ILUSTRACIÓN: Nadia Santos
ILUSTRACIÓN: Nadia Santos
Lorena Salmón

Antonia me confiesa que quiere tener una casa grande y ficha. Lo primero que sale de mi boca son las siguientes palabras: entonces, tendrás que casarte con un millonario.

Así de brutal, así de natural.

Me doy cuenta inmediatamente de lo que le acabo de decir y me corrijo: perdona, ese no es el mensaje correcto y menos el que quiero darte. Si quieres tener una casa grande y ficha, vas a tener que trabajar muy duro.

Antonia me mira y sonríe, dudosa. Así que le aclaro: lo anterior a eso fue una tontería.

Me quedo pensando el resto del día.

Hace un par de semanas discutía con mi marido acerca de cuál de los dos debería ser el responsable de motivar deportivamente a nuestro hijo. Recuerdo reclamarle, equivocadamente, que esa era su chamba, porque era el papá.

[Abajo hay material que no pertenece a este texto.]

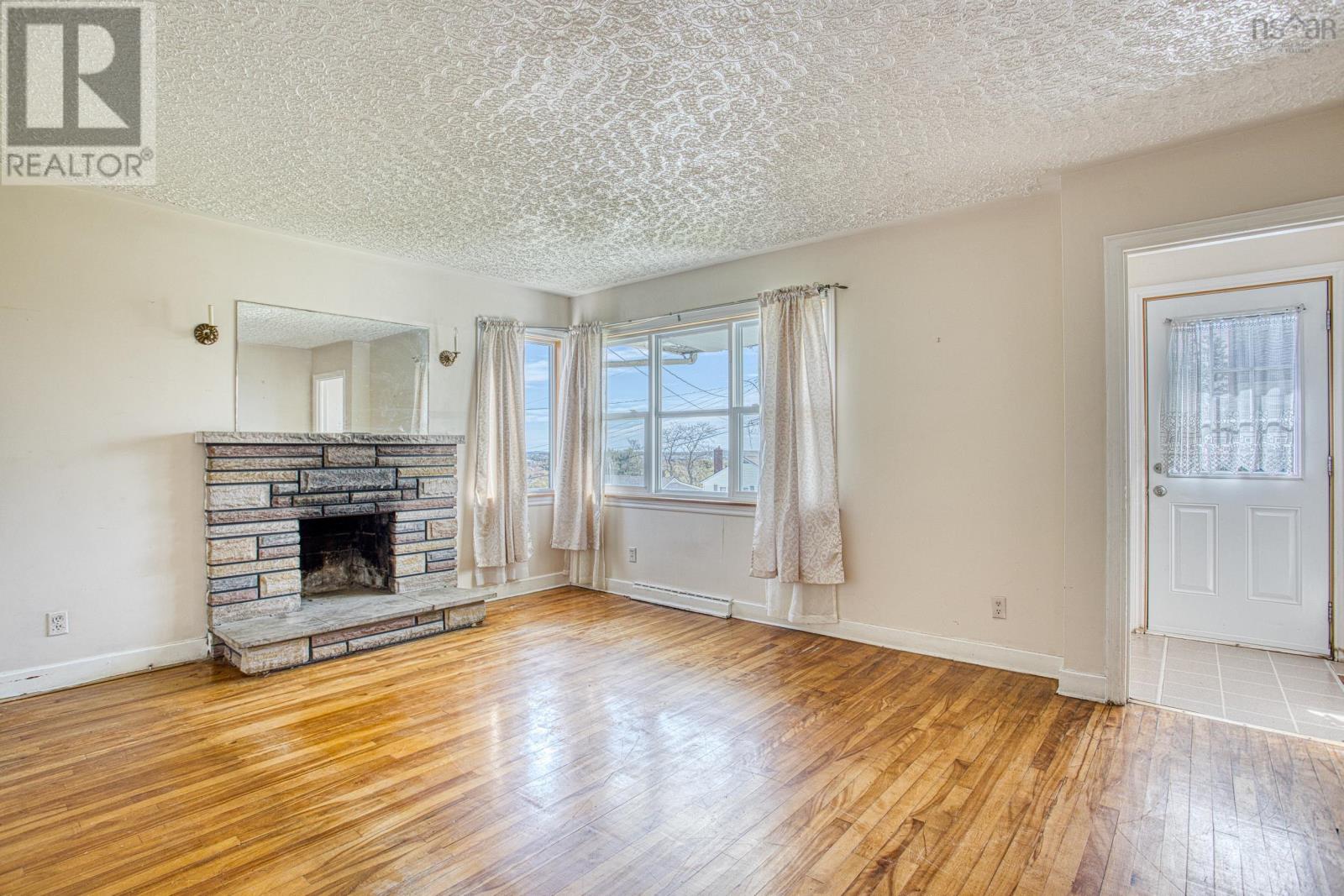 32 Arvida Avenue, Halifax, Nova Scotia  B3R 1K6 - Photo 6 - 202612127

Otra vez, ahí está: un discurso por el que, en la actualidad, feministas del mundo me repudiarían.

¿Qué me pasa? ¿En realidad me creo esas palabras? ¿O no he sido yo –como muchas, si no la mayoría, de madres– la responsable de arrastrar a mis hijos a todas las clases deportivas y actividades extracurriculares a las que se me ha ocurrido matricularlos? ¿No he sido yo la que lleva, trae, recoge y se pelea con ellos cada vez que quieren tirar la toalla?

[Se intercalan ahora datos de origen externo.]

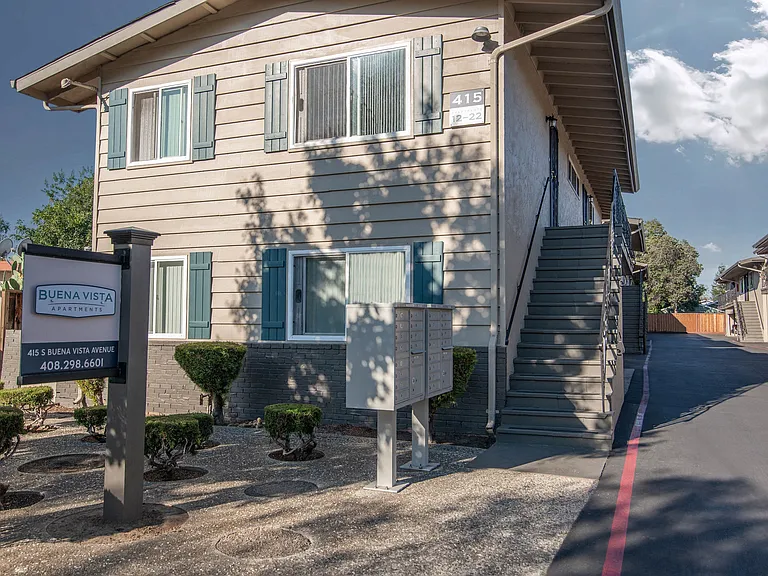 Buena Vista Apartments — Photo 2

Que patrones de pensamiento correspondientes al año 50 estén instalados en mi mente es la demostración de que en la realidad siguen vigentes.

Después de que un congresista propusiese que las niñas puedan elegir si quieren ir en falda o no al colegio, los comentarios de indignación no se hicieron esperar. Cómo puede ser posible que una mujer tenga derecho a elegir qué ponerse, cuánto quiere ganar, si quiere o no tener sexo, si quiere o no traer vida al mundo.

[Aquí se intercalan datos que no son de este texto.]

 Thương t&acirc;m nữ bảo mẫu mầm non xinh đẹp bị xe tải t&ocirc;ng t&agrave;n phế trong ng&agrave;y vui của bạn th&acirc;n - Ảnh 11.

Creer que los padres son los que tienen que motivar a los hijos a hacer deporte es igual de estrafalario que obligar a las niñas a vestir de rosado y a los niños de celeste y afianzar en la mente de mi hija la narrativa del cuento de la princesa vulnerable que está en la espera del príncipe para que la salve. Absolutamente fatal.

Hay todavía tanto por hacer.

Tengo que romper con esa idea de que la mujer necesita alguien que la salve. Que equivocadamente me haya encontrado por años en la búsqueda de mi salvador no significa que ahora realmente crea que una mujer necesita de un hombre para sobrevivir a las dificultades de la vida o al día a día.

Tener un hijo a los 23 años sin contar con la presencia del padre, por ejemplo, fue una de las experiencias más aleccionadoras de mi vida: claro que puedes, no solo con esto, sino con lo sea.

Muchas, como yo, buscamos la razón de nuestra felicidad hacia afuera, en personas o cosas que esperamos tener para ahora sí ser felices. A las mujeres nos han hecho creer que necesitamos siempre del macho alfa que nos venga a proteger, que necesitamos de nuestra otra mitad.

Durante mucho tiempo deposité la razón de mi felicidad en los demás, en vez de trabajar en sentirme bien conmigo, conocerme y entender que soy emotiva y sensible, pero que no por ello debo tomarme nada a nivel personal –ustedes tampoco–; que lloro frecuentemente por situaciones aleatorias y no pasa nada; que pierdo el control y me comporto histéricamente (gracias, yoga, cada vez los ataques duran menos); que todavía me falta trabajar en mi confianza –por mucho tiempo me costó valorar mi trabajo–; que debo seguir alimentando mi autoestima (en realidad, este punto deberíamos trabajarlo todos); pero que también soy una mujer con el poder de transformar mi realidad y conseguir lo que quiera.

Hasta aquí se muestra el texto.